Shafiulla Syed's Technical Blog.: 2018

Tuesday, July 3, 2018

Unable to open device "/dev/sdab1": Device or resource busy during oracleasm disk creation.

Resource or device busy issue when creating the ASM disks at OS level usign RAW disks provided from NETAPP Storage.

Issue:- Oracle ASM disks labeling failed for one of the Multi path RAW device which was provided from NETAPP storage as below

All the provided LUNs got mounted on DB Servers using below commands.

echo "- - -" > /sys/class/scsi_host/host1/scan

echo "- - -" > /sys/class/scsi_host/host2/scan

Once the disks got appeared at OS level in both nodes (2-Node RAC DB Server) the actual issue encountered.

[root@ebsdbser01 mapper]# fdisk -l /dev/sds

Disk /dev/sds: 214.7 GB, 214748364800 bytes

255 heads, 63 sectors/track, 26108 cylinders

Units = cylinders of 16065 * 512 = 8225280 bytes

Sector size (logical/physical): 512 bytes / 4096 bytes

I/O size (minimum/optimal): 4096 bytes / 65536 bytes

Disk identifier: 0x40402c59

Device Boot Start End Blocks Id System

/dev/sds1 1 26108 209712478+ 83 Linux

Partition 1 does not start on physical sector boundary.

[root@ebsdbser01 mapper]# fdisk -l /dev/sdab

Disk /dev/sdab: 214.7 GB, 214748364800 bytes

255 heads, 63 sectors/track, 26108 cylinders

Units = cylinders of 16065 * 512 = 8225280 bytes

Sector size (logical/physical): 512 bytes / 4096 bytes

I/O size (minimum/optimal): 4096 bytes / 65536 bytes

Disk identifier: 0x40402c59

Device Boot Start End Blocks Id System

/dev/sdab1 1 26108 209712478+ 83 Linux

Partition 1 does not start on physical sector boundary.

[root@ebsdbser01 mapper]# oracleasm createdisk FLASH01 /dev/sdab1

Unable to open device "/dev/sdab1": Device or resource busy

Work Around:-

As a work around, the Mapper device was taken for logical partitioning (fdisk) instead of its related one of the raw device path and then partprobe was used after partitioned.
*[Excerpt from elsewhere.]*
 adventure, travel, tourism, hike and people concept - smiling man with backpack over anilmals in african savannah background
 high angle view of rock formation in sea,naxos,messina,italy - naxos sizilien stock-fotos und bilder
Finally all the dependent mutipaths got logically partitioned. And the ASM DISKS labelling successfully completed on both 2 node DB servers.

[root@ebsdbser01 mapper]# multipath -ll mpathe

mpathe (3600a098038303778462b49533170412f) dm-14 NETAPP,LUN C-Mode

size=200G features='4 queue_if_no_path pg_init_retries 50 retain_attached_hw_handle' hwhandler='0' wp=rw

|-+- policy='round-robin 0' prio=50 status=active

| |- 1:0:1:200 sds 65:32 active ready running

| `- 2:0:0:200 sdab 65:176 active ready running

`-+- policy='round-robin 0' prio=10 status=enabled

|- 1:0:0:200 sdj 8:144 active ready running

`- 2:0:1:200 sdak 66:64 active ready running

[root@ebsdbser01 mapper]# partprobe /dev/mapper/mpathe

[root@ebsdbser01 mapper]# ls -ltr /dev/mapper/mpathe*

lrwxrwxrwx. 1 root root 8 Jul 3 15:46 /dev/mapper/mpathep1 -> ../dm-24

lrwxrwxrwx. 1 root root 8 Jul 3 15:46 /dev/mapper/mpathe -> ../dm-14

[root@ebsdbser01 mapper]# oracleasm createdisk FLASH01 /dev/mapper/mpathep1

Writing disk header: done

Instantiating disk: done

[root@ebsdbser01 mapper]# oracleasm querydisk -d FLASH01

Disk "FLASH01" is a valid ASM disk on device [251,24]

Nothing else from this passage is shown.